[Datetime-SIG] PEP-0500 (Alternative datetime arithmetic) Was: PEP 495 ... is ready ...

Ethan Furman ethan at stoneleaf.us
Wed Aug 19 10:17:50 CEST 2015

On 08/18/2015 10:52 PM, Tim Peters wrote:
> [Guido]
>> ...
>> This  discussion sounds overly abstract. ISTM that d(x, y) in timeline
>> arithmetic can be computed as x.timestamp() - y.timestamp(), (and converting
>> to a timedelta).
> As someone else might say, if you want timestamps, use timestamps ;-)
> I want to discourage people from thinking of it that way, because it
> only works in a theoretical framework abstracting away how arithmetic
> actually behaves.  Timestamps in Python suck in a world of
> floating-point pain that I tried hard to keep entirely out of datetime
> module semantics (although I see float operations have increasingly
> wormed their way in).
> Everyone who thinks about it soon realizes that a datetime simply has
> "too many bits" to represent faithfully as a Python float, and so also
> as a Python timestamp.  But I think few realize this isn't a problem
> confined to datetimes only our descendants will experience.  It can
> surprise people even today.  For example, here on my second try:
>>>> d = datetime.now()
>>>> d
> datetime.datetime(2015, 8, 18, 23, 8, 54, 615774)
>>>> datetime.fromtimestamp(d.timestamp())
> datetime.datetime(2015, 8, 18, 23, 8, 54, 615773)

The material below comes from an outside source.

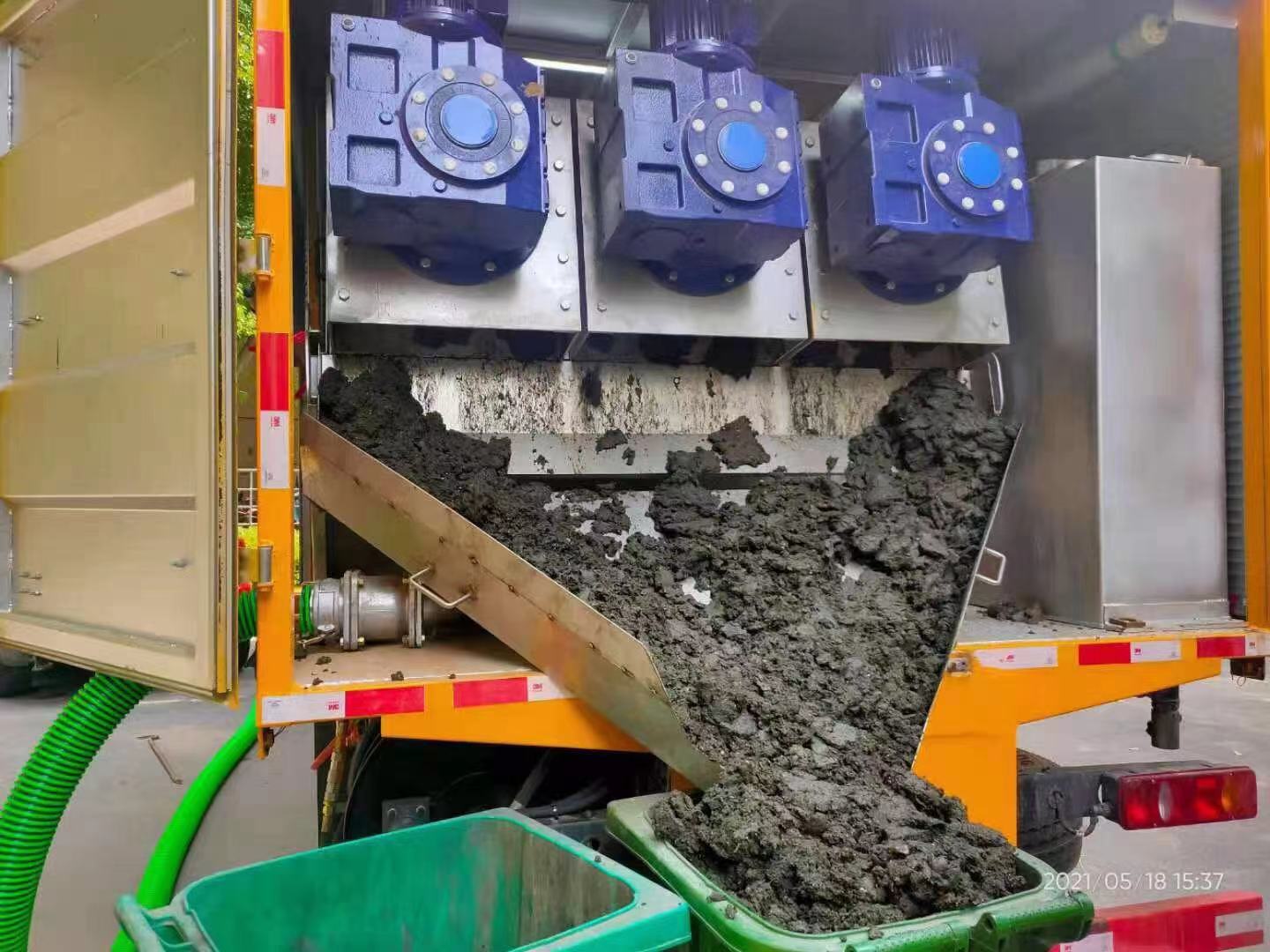 大邑化粪池清掏城市维护站-泥浆净化干湿分离处理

This bug was introduced by Victor Stinner in issue 14180, and is being tracked in issue 23517.  Versions 3.3, 3.4, and soon 3.5 are affected.  Victor is refusing to fix/revert, Alexander has given up 
arguing with him, and I lack the necessary skills.

Perhaps the best path forward is to deprecate `.timestamp()` and friends.